# What happened to common sense!



## Tag (Jun 11, 2014)

Went to visit the store I retired from and here is what I witnessed. A customer had purchased a set of extra long torx bits in a set. They carried a lifetime guraentee from the factory. Well he had broken one and wanted to get it replaced. The counter person could not find an individual number for that specific torx bit, so they called the company. this is what they told her. . They only came in a pack of 6 and shipping would be $16.00???????????????? each torx bit was $6.00 each. I asked the counter person to let me talk to the lack of common sense person on the phone. I asked the person on the phone, who offers the lifetime warrenty, they answered their company. I said then why should this store spend $52.00 to warrenty one wrench that you offer the warrenty on. I then proceeded to explain to this person how I felt it should be handled. I gave them the address of our store and suggested they put one wrench in an envelope and mail it. TAH DAH!!!!!!!!!!! The factory got it. The sad part is the factory was trying to make money off of shipping and then the warehouse would also make shipping money, besides the extra 5 torx bits. I AM SO GRATEFUL FOR THE VENDORS iN THE FORUM.


----------



## Tentacle Toast (Jan 17, 2013)

Common is the rarest of all the senses.


----------



## Nobodo (Nov 5, 2014)

I guess I'm a little confused reading this.

The customer purchased a product with a lifetime warranty.

The lifetime warranty wasn't with the store, but instead with the manufacturer of the product.

The customer probably had 30 days (or similar) return/replace with the store.

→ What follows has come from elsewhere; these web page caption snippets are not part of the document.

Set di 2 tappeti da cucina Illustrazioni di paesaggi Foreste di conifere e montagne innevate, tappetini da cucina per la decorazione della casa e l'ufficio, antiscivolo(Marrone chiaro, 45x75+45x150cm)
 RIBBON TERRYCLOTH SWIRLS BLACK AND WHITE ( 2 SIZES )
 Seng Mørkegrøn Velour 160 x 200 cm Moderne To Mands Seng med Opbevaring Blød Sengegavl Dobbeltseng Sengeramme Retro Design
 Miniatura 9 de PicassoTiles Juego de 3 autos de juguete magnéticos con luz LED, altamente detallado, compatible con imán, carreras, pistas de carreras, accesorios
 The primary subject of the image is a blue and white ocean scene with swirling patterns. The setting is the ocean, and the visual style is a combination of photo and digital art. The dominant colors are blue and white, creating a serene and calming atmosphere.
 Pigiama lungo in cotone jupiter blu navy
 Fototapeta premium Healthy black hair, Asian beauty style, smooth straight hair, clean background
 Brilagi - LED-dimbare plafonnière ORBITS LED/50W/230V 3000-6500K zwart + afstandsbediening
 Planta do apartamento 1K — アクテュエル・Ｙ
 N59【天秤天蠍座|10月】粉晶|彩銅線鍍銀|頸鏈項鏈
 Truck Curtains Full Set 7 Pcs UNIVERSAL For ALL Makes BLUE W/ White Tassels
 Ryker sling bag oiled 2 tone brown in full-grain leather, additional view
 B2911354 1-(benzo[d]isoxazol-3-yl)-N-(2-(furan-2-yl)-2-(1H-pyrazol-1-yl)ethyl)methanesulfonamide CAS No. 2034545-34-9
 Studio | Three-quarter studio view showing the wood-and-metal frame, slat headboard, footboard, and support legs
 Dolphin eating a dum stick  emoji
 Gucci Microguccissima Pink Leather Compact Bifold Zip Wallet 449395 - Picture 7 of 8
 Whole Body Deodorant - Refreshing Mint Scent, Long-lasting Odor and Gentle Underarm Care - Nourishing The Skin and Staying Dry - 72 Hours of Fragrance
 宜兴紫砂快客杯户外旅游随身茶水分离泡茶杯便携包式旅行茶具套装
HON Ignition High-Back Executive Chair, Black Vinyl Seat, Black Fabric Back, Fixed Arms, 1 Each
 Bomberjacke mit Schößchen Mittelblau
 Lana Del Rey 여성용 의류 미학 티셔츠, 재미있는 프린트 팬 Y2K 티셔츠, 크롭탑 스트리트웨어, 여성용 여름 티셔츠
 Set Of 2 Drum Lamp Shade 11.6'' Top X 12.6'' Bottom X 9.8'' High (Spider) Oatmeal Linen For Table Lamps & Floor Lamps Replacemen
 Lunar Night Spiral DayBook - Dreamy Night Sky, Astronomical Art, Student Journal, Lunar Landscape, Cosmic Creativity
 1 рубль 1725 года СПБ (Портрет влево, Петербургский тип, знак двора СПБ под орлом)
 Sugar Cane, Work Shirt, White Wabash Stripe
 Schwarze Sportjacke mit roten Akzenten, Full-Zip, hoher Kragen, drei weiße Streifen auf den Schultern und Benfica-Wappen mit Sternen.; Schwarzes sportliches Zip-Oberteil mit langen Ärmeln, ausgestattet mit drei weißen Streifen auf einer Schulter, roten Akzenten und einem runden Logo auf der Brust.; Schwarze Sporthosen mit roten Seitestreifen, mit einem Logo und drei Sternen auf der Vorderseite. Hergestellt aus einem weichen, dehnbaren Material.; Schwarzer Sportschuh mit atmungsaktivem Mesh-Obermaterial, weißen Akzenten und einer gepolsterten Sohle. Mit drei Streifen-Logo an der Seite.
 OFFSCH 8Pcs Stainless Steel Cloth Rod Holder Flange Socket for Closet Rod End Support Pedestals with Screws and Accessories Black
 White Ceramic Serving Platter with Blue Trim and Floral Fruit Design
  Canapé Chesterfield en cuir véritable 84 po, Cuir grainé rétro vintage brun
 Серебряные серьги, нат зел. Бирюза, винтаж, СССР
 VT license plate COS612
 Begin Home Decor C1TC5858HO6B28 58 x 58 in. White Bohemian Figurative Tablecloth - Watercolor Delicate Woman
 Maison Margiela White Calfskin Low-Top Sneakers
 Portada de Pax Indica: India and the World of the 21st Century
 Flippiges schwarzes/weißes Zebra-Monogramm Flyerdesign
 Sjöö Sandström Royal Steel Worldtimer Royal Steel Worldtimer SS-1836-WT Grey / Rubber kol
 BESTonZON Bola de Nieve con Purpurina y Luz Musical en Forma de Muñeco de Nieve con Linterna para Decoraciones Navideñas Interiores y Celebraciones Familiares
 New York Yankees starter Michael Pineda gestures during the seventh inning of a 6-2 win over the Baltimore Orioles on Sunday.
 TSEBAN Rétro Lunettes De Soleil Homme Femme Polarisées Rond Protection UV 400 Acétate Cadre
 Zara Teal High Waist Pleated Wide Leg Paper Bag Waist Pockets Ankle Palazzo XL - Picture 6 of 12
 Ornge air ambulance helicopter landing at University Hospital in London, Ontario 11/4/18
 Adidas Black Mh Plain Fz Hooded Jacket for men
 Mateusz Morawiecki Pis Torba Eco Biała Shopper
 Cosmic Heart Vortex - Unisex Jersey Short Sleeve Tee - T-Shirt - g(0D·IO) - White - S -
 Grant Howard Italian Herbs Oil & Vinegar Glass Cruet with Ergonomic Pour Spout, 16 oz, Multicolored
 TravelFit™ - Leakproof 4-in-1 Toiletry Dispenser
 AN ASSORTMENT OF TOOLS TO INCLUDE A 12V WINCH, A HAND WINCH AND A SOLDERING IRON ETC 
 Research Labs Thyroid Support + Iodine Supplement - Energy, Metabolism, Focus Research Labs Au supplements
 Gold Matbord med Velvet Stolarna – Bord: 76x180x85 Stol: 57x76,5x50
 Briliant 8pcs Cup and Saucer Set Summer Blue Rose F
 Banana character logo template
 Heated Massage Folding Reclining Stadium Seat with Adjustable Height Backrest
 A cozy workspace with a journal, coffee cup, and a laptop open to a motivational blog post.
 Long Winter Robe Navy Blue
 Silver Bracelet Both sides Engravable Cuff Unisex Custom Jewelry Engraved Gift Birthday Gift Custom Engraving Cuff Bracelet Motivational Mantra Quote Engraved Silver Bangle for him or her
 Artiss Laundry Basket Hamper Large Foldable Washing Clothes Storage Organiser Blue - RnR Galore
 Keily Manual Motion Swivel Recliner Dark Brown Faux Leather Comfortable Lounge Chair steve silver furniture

Why was the store dealing with the manufacturer in this case?


----------



## Tentacle Toast (Jan 17, 2013)

...from what it sounds like, this is one of those stores that actually values it's patrons, & doesn't just wash their hands of them & their problems as soon as legally allowed to do so.

They're rare, but do still exist.


----------



## bigron (Nov 29, 2012)

i found out a long time ago that common sense isn't very common,when you have to put a warning label on a hair dryer to tell people not to use it in the shower, :read: that kind of says it all


----------



## Tentacle Toast (Jan 17, 2013)

bigron said:


> i found out a long time ago that common sense isn't very common,when you have to put a warning label on a hair dryer to tell people not to use it in the shower, :read: that kind of says it all


...or on peanut butter, because that product "may contain peanuts"...


----------



## Tag (Jun 11, 2014)

Tentacle post said it exactly, our store still tries it's best to serve the customer Nobodo. Ever since the big companies ate up the little companies that made the United States a great nation we all are buying from one source. With that being said the only hope a small Mom and Pop Store is the one on one personal service. Anyway I was just blowing off and tried to make it somewhat humorous.


----------



## ghost0311/8541 (Jan 6, 2013)

Know what you mean after the marine corp I sold smoked mullet and ice I had a guy come in and said he wanted a half bag of ice I told him I don't sell it in half bags he said he only need half I told him to buy one use half and put the rest in the cooler and I give it to the next person well he bought a bag used half dumped the rest on the ground it was his he payed for it but kind of a waste he then came back in and said he wanted a half a smoke mullet I told him I only sell them whole he said he only wanted half so I ripped one in half charged him full price and ate the other half


----------



## Nobodo (Nov 5, 2014)

Tentacle Toast said:


> ...from what it sounds like, this is one of those stores that actually values it's patrons, & doesn't just wash their hands of them & their problems as soon as legally allowed to do so.
> 
> They're rare, but do still exist.


But times have changed in a lot of ways.

It used to be that manufacturers carried out their warranties through the stores they sold from, so sent replacement parts to the stores.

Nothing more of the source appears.